I noticed that you said if you buy in full and a SSer raises 4x and a tight big stack calls, you should call with 44 to bust the big stack. Where to begin here?

The SS range up front is very tight, typically TT+, AQ-AK, and sometimes tighter (like myself). The nitty full stack is almost always re-raising the hands you are likely to bust him with, namely QQ-AA. However, look even further here. He is only likely to stack off with QQ and KK IF no ace hits the board. And given the effects of card removal because of the short stack, he is more likely to contain hands like AQ, AJs, 77-TT. The only way that these hands are likely to stack away against another full stack acting behind him is when he either flops 2 pair (still has 4 outs), pair + nut draw, nut straights, and bigger sets.

And now back to the (very) optimistic scenario that this guy was actually smart enough to cold call with QQ-AA. These hands are just as likely to flop a set as you and if they are going to stack away every time here, guess what? You are right back to being a 4:1 dog with your 44. And that doesn’t even factor in when the board comes really bad and you happen to get bluffed off your set.

In addition, the concept of flopping big and stacking someone is simply the wrong way of looking at things. If you assume that you play your 44 perfectly, you still need to look at what your AVERAGE profit for this scenario is. In a $1/2 game, I would say it would be VERY optimistic to assume that this situation will even net you $3 on average, but the variance you will be taking on to win this $3 is enormous. And yet again, it also ignores the negative psychological effects of missing your set an inordinate amount of time, flopping it and getting nothing in return, flopping it and losing to a higher set, flopping it and getting little because of scary boards, and the worst of all, flopping it, building a large pot and then getting bluffed off it.
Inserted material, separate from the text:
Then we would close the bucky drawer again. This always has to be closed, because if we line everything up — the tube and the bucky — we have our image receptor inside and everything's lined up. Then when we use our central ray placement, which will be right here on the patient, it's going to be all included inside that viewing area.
As a foot note to my response, given the negative scenarios that can result even after flopping your set, the potential ensuing tilt probably makes this play neutral EV at best. In a round about way, what I am really trying to say here is that set mining in general is a bad policy and goes against basic good play which requires that YOU be the aggressor.

Wednesday, March 18, 2009

A Quick Quiz...



What is wrong with this picture?

Monday, March 16, 2009

My First Week Without the HUD


Although I am not afraid to admit when I am running good, it is simply hard to imagine how my results could have been any better with some shitty device telling me that I can not trust my own observations....

Sunday, March 15, 2009

My Case Aginst Using a HUD

As of this past Sunday, after much self-deliberation, I have decided to fully abandon my HUD permanently. Although I do not doubt that there are a few select players out there who can actually put these things to work, my final analysis is that they do far more harm than good for the vast majority of online grinders. Here is my case against it.
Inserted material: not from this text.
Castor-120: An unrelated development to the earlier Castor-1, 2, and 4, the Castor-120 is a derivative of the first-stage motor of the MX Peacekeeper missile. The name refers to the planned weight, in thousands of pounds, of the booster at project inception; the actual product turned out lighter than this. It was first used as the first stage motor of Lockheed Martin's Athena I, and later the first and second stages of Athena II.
First of all, it is important to acknowledge why we actually use a HUD. Here is why: to inform us to make decisions by the use of past player statistics that we would not otherwise make were that information not available. In this regard, it is like a live tell. After all, a tell is only significant when it causes us to take an action that we were not otherwise going to do had we not seen it.

So now that I have defined what a HUD does, let's examine the underlying logic here. In the course of my career, I have played roughly 2,000,000 hands of online poker. Although the overall quality of play has certainly increased in this time frame, one major truth has emerged: most players generally adapt to each other and take on the same tendencies. In other words, if one player open raises by mashing the pot button with his decent hands in early position, most others will be doing the same thing. Likewise, if one player is min-raise opening his marginal hands in late position, I can expect that others who are opening for the minimum in late position are also doing it with marginal hands. And one more, if one person is limp-reraising only premium hands from early position, it is pretty safe to say that others are doing the same thing, a.k.a., they are NOT doing this with hands like 66.
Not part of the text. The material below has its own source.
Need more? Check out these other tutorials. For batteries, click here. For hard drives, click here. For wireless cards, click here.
While I could go on and on with a plethora of examples, I would say that the concept is clear here: I don't need stats on players in order to decipher these basic meanings, and reading stats to try and get deeper here could only accomplish one possible thing- to obscure what is already obvious. Be these extreme examples as they may be, most everything else follows suit to some degree or another. Observation is the key. A 6x open raise from early position is virtually always a premium hand, whether it is coming from a 9/6 or 30/20. Period.

So now that I have established that certain tendencies are visible through lone observation, we must now address the logic of using a device over our own observations. Exactly how does this make sense? We are using stats that are, at best, only 30 days old or less. These stats do not capture a person's mood or whether or not they are adjusting to current table conditions or following the meta-game. Ask yourself this: is a player with an “Attempt to Steal” stat of 60% who was just 3-bet off his hand three times in a row still just a 60% ATS guy this time around, or an angry or clever player holding QQ and now HOPING he will get 3-bet again?

By attempting to use these stats rather than our own good judgment, these little nuances are missed. Is the player who runs a 30/20 a real maniac, or is he just some min-betting fool looking to take the initiative in a lot of cheap flops? This information is not clear on its own, but with good observation and note taking skills should be readily apparent.

So I know what you must be thinking. “I am playing so many tables that I just don't have the chance to get this information on my own.” Here is my retort: how can it possibly be beneficial to be piling on more and more tables in exchange for lousy or non-existent information? And that is only assuming that the information that we are getting is accurate! I still have not even addressed the most dangerous aspect of using a HUD. When the information initially loads up, often times it is not correctly lined up with the appropriate player and you are looking at stats that could belong to another player. Further into your session, you will also find that sometimes a player leaves or goes busto and another player promptly sits down and “inherits” the first player's stats. Even though this can be avoided by making sure the names line up, a single slip up has a high price. And how much “good” information is necessary to make up for that single time you stacked away on one bad misread?

Wednesday, March 4, 2009

29 Days of Shortstack Madness

And the results have finally arrived! I decided to take it from the beginning of February until now because I was forced to take the first two days of last month off due to a vicious ice storm that terrorized all of Kentucky. However, I did get in 148 hours of play in since then and about 111,000 hands. The pictures from my data base can be found below.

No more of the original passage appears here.